Chocotorta is one of those endlessly comforting, no-fuss desserts Argentines adore — layers of chocolate cookies softened in coffee, sandwiched with a lusciously simple dulce de leche and cream cheese filling. It’s unfussy, wildly indulgent, and the kind of cake you make when you want something impressive without turning on the oven.

This version keeps things classic and approachable: whip heavy cream, fold it into dulce de leche and room-temp cream cheese, quickly dunk cookies in strong coffee, then layer. Give it a good chill and you’ll be rewarded with a slice that’s creamy, chocolatey, slightly coffee-kissed, and impossible to resist.

Ingredients

  • Chocolate sandwich cookies (e.g., Chocolinas or Oreos):12 oz
  • Strong brewed coffee, cooled:1 cup
  • Dulce de leche:2 cups
  • Cream cheese, room temperature:16 oz
  • Heavy whipping cream:2 cups
  • Vanilla extract:1 tsp
  • Salt:1/8 tsp
  • Unsweetened cocoa powder (for dusting):2 tbsp
  • Chocolate shavings (optional):2 tbsp

Instructions

  1. Line a 9x5-inch loaf pan or an 8-inch square pan with plastic wrap, leaving an overhang for easy removal.

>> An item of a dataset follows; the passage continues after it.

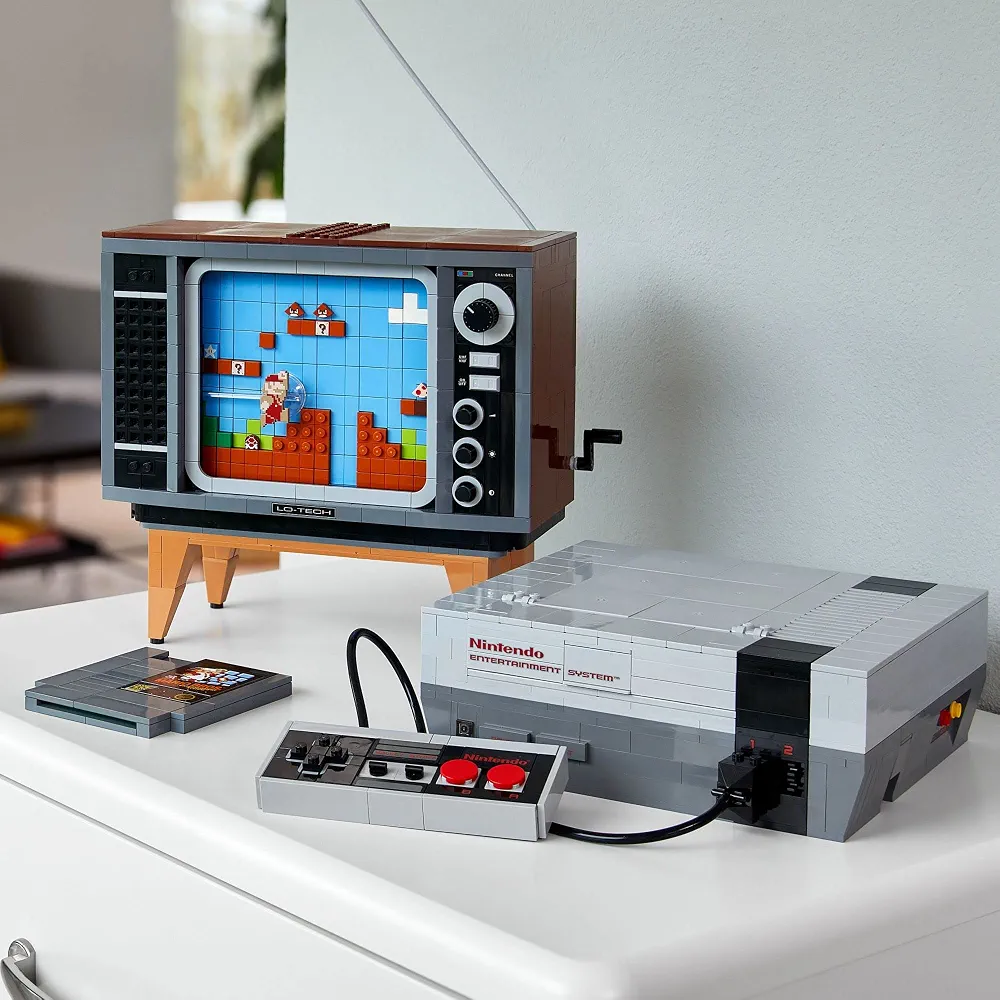 لگو سوپرماریو مدل Nintendo Entertainment System کد 25266؛ اسباب‌بازی ساختنی و کلکسیونی کنسول نینتندو و تلویزیون قدیمی مناسب دکور.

    Plastic-wrap-lined pan ready for chocotorta layers
  2. Beat the cream cheese with the vanilla and salt until smooth. Add the dulce de leche and beat until fully combined and silky.

    Dulce de leche and cream cheese beaten into smooth caramel cream
  3. In a separate bowl, whip the heavy cream to soft peaks. Fold one-third of the whipped cream into the dulce de leche mixture to loosen it, then gently fold in the remaining whipped cream until uniform.

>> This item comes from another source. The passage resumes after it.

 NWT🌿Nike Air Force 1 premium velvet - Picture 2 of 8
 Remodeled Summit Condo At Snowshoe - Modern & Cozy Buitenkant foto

    Whipped cream folded into dulce de leche cream
  4. Pour the cooled coffee into a shallow bowl. Quickly dip each cookie into the coffee for 1 second — just long enough to soften but not fall apart.

    Chocolate cookies dipped in cooled coffee
  5. Arrange a single layer of coffee-dipped cookies in the bottom of the prepared pan. Spread about one-quarter of the dulce de leche-cream mixture over the cookies in an even layer.

    Coffee-soaked cookies layered with dulce de leche cream in a pan
  6. Repeat with two more cookie layers and filling layers, finishing with the remaining filling on top. Smooth the top with a spatula.

    Layered chocotorta topped with a smooth dulce de leche cream layer
  7. Cover with plastic wrap and refrigerate at least 6 hours, or preferably overnight, until set and the cookies have softened to cake-like layers.

    Covered chocotorta chilling in the refrigerator
  8. When ready to serve, lift the chocotorta from the pan using the plastic wrap, invert onto a cutting board, peel off the wrap, dust the top with cocoa powder and scatter chocolate shavings if using. Slice and enjoy chilled.

    Finished chocotorta with cocoa, chocolate shavings, and sliced layers

Tips & Notes

  • Dip cookies very briefly — they should soften but not disintegrate; practice with one to gauge timing.
  • For an extra coffee kick, stir 1 tbsp of instant espresso into the brewed coffee before dipping.
  • Make the chocotorta a day ahead — it tastes better after overnight chilling when flavors meld.
  • Use full-fat cream cheese and heavy cream for the creamiest, most authentic texture.